■ WHAT THE TASK REQUIRES
What is needed is an exact transcription of every record, minus the pictures.

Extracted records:

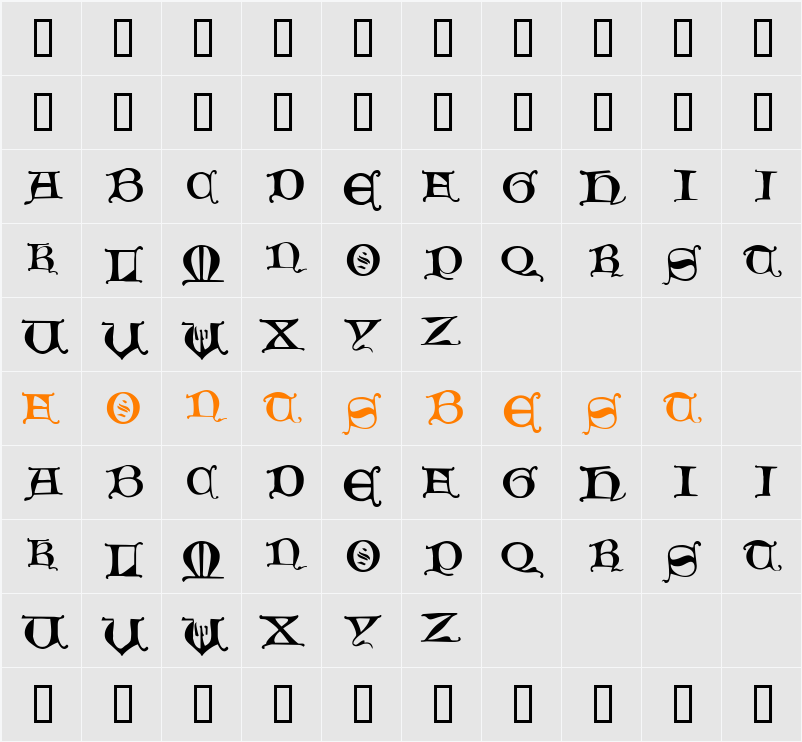 Hours in the Rain Character Map
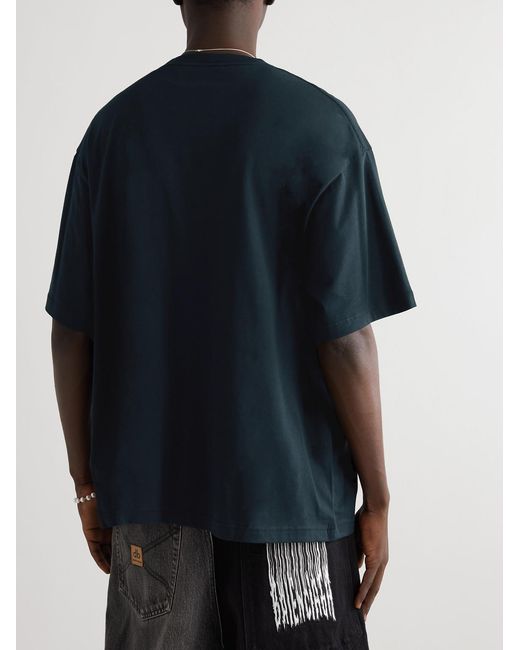 Acne Blue Edlund Logo-Print Cotton-Jersey T-Shirt for men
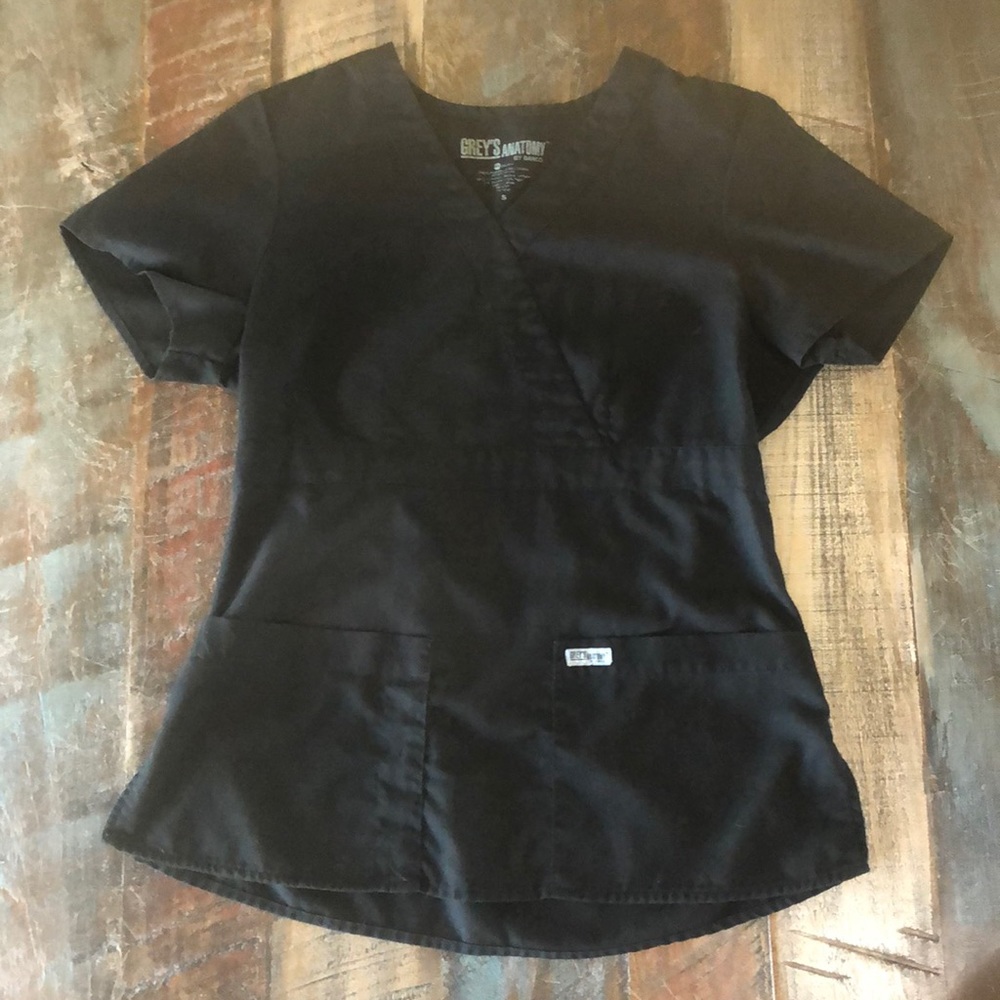 Grey Anatomy Scrub Top XS Black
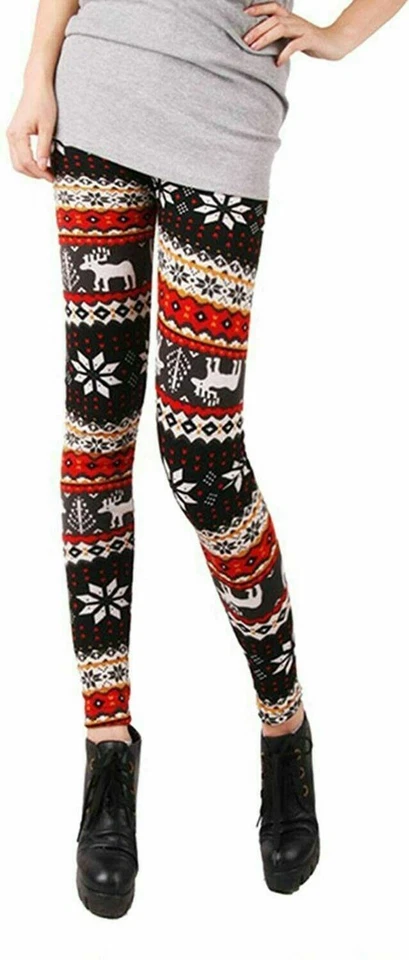 Leggings para mujer suaves y elásticos forrados de vellón, estampado de copo de nieve, reno Foto 2 de 3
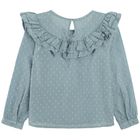 Cool Club, Bluza cu maneca lunga pentru fete, albastru deschis, cu volane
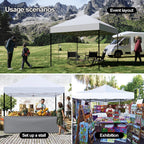 3x3m Pop Up Canopy Tent, Instant Setup, Vented Roof, Waterproof, for Beach, Patio, Camping, with Bag, 8 Stakes & 4 Ropes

■ PROBLEM SOLUTION
 Hours in the Rain Character Map
 Acne Blue Edlund Logo-Print Cotton-Jersey T-Shirt for men
 Grey Anatomy Scrub Top XS Black
 Leggings para mujer suaves y elásticos forrados de vellón, estampado de copo de nieve, reno Foto 2 de 3
 Cool Club, Bluza cu maneca lunga pentru fete, albastru deschis, cu volane
 3x3m Pop Up Canopy Tent, Instant Setup, Vented Roof, Waterproof, for Beach, Patio, Camping, with Bag, 8 Stakes & 4 Ropes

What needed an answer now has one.